Qué fácil hubiera sido seguirte al fin del mundo. Habría cogido cualquier avión que me hubieras pedido solo para poder verte sonreír también a 30000 pies de altura. Por verte aterrizar, entre feliz y cansada, en cualquier lugar ajeno a nosotros.

Hubiera llenado mi maleta de cualquier cosa si así lo hubieras querido. De nada, de todo. ¿Qué podía importar el equipaje si el viaje era contigo? Hasta con los bolsillos vacíos hubiera viajado a tu lado, sabiendo tan solo que estarían llenos con tus manos congeladas cuando me abrazaras por la espalda.

Habría accedido a acompañarte a cualquier lugar que hubieras podido señalar aleatoriamente en el mapa lleno de chinchetas que tenías colgado en la pared del dormitorio.

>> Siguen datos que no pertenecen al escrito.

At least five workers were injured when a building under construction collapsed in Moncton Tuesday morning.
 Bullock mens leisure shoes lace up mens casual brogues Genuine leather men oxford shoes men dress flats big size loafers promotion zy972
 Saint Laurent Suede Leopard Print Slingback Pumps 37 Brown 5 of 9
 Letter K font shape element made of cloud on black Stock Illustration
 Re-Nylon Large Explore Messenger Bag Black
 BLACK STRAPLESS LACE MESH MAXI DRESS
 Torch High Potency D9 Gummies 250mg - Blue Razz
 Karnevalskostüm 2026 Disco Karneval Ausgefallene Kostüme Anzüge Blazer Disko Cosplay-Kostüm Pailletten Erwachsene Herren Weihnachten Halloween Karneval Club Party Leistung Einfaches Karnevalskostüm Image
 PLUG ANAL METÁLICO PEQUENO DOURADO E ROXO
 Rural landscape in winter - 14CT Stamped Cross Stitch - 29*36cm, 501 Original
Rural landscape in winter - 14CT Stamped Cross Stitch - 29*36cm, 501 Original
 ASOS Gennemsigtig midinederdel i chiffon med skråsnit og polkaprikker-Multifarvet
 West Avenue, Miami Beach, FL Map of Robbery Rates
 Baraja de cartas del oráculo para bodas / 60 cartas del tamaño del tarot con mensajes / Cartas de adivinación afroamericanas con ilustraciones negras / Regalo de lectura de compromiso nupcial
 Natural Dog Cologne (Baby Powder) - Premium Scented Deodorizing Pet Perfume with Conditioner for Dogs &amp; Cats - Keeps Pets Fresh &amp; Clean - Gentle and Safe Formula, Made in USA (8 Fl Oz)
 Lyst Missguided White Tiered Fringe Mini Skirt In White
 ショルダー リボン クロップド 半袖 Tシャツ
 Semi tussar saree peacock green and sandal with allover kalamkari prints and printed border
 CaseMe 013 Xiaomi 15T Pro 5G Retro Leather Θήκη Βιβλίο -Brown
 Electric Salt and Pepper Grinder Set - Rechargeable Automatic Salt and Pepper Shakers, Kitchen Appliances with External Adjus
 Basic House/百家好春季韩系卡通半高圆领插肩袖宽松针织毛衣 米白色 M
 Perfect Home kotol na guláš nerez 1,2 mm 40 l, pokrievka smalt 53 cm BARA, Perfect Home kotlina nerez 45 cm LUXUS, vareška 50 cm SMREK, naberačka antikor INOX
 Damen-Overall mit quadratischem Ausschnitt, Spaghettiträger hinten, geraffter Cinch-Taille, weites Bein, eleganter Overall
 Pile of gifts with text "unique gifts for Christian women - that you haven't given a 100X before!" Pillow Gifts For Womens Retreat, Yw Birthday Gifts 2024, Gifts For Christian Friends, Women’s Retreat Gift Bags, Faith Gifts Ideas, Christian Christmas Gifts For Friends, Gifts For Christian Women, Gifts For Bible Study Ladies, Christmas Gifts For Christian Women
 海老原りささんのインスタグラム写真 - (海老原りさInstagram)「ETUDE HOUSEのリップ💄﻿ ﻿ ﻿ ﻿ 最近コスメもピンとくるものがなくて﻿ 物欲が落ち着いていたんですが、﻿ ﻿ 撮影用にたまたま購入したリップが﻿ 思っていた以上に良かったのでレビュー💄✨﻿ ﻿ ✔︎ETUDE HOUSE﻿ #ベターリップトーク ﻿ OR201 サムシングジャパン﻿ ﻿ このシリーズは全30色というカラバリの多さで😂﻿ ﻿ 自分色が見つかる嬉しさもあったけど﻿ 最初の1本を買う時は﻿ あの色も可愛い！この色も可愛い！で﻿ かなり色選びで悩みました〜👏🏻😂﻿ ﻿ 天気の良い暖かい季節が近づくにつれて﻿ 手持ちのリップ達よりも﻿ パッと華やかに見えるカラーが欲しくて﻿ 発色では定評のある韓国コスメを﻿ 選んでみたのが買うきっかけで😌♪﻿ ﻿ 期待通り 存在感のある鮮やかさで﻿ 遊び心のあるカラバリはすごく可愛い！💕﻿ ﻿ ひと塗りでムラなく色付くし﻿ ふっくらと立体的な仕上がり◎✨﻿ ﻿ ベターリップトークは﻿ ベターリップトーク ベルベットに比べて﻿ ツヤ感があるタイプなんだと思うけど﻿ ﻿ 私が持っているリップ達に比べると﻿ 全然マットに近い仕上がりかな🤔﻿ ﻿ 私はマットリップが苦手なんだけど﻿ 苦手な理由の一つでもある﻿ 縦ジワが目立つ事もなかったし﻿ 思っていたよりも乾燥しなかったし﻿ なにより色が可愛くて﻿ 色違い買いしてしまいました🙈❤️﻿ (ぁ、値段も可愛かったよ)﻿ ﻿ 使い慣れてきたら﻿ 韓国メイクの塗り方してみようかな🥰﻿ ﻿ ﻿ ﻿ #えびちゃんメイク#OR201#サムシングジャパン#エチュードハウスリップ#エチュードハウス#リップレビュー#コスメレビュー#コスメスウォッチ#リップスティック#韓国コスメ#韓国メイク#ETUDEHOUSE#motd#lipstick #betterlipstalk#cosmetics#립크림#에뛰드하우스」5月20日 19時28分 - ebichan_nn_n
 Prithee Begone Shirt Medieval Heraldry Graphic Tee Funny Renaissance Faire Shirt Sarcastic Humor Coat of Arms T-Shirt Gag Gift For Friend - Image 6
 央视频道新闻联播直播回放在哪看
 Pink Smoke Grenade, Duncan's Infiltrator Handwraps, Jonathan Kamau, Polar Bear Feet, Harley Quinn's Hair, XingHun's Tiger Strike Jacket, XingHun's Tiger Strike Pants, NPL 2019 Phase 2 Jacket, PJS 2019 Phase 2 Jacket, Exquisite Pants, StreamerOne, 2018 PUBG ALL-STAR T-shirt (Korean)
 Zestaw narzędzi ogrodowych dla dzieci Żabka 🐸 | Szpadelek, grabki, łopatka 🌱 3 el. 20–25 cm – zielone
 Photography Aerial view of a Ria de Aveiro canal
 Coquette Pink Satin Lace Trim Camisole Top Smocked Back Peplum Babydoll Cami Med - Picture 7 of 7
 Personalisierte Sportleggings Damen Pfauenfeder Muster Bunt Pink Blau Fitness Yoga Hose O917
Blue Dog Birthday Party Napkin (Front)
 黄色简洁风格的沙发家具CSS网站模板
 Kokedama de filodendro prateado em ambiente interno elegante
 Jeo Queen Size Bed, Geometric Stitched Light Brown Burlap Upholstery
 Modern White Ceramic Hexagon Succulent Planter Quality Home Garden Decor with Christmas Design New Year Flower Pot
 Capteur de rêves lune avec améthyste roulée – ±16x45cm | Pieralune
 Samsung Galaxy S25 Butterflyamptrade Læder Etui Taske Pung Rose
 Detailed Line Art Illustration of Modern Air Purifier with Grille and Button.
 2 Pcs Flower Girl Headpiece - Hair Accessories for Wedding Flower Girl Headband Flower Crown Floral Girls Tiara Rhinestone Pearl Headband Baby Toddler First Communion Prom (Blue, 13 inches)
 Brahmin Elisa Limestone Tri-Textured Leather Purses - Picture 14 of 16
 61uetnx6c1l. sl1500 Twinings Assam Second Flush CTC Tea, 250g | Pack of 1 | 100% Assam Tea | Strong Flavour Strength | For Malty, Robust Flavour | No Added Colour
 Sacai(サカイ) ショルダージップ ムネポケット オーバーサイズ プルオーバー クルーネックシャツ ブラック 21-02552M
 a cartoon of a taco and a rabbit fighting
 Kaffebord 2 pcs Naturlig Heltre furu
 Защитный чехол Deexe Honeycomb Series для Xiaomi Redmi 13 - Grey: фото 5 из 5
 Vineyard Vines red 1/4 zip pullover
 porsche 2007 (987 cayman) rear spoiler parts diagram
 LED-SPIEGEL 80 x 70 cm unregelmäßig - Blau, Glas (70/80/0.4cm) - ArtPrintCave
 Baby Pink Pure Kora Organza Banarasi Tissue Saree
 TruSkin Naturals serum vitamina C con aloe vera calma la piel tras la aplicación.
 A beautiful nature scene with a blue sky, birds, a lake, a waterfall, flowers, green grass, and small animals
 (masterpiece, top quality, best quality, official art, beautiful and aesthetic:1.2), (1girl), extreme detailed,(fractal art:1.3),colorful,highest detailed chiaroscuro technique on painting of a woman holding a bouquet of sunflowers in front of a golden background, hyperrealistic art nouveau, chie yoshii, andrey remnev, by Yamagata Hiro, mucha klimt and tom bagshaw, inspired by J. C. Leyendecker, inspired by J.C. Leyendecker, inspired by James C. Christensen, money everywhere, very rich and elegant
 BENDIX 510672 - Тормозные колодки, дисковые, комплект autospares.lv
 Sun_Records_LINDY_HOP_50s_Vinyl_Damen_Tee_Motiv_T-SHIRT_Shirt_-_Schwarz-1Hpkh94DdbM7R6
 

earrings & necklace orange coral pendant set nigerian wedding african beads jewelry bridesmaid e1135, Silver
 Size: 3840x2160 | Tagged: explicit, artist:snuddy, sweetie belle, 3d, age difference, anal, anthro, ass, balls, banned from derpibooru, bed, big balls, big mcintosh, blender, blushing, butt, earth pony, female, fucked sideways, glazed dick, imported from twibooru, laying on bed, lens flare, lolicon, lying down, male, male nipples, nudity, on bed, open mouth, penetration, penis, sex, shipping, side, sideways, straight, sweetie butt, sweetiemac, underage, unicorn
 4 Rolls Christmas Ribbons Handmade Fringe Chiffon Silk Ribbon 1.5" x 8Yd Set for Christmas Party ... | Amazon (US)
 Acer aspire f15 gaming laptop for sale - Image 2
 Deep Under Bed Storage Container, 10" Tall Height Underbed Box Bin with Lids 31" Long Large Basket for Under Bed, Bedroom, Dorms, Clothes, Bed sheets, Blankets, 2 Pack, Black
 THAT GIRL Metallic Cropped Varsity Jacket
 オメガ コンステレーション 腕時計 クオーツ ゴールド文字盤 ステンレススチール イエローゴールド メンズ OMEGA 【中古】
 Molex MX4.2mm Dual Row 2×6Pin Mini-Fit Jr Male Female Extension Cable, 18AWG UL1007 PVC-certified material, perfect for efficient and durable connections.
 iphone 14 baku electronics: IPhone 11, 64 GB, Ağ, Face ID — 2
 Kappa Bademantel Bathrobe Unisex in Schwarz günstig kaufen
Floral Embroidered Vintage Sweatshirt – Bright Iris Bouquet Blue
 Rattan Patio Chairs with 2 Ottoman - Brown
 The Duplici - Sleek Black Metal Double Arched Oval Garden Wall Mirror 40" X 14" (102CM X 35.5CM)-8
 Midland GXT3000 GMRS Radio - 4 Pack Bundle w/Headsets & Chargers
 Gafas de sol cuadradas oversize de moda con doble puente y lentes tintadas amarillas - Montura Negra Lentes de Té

Así, sin dudas hubiera ido a cualquier ciudad de cualquier país que tú hubieras elegido a ciegas. Con los ojos cerrados te había seguido antes ya, poco más que a ti podía ver cuando estabas cerca.

Habría podido despertar cada mañana en cualquier cama extraña de cualquier motel barato solo para poder verte, si así lo hubieras deseado. Con el pelo revuelto y la marca de la almohada en la mejilla izquierda, esa media sonrisa somnolienta que te esforzabas por regalarme cada mañana. Hubiera podido acostumbrarme hasta a la soledad de sentirme un forastero en tierra extraña a cambio de disfrutarte esos treinta segundos cada día.

Y qué fácil hubiera sido todo, contigo.

Pero tú nunca me pediste nada. Y yo me quedé en tierra.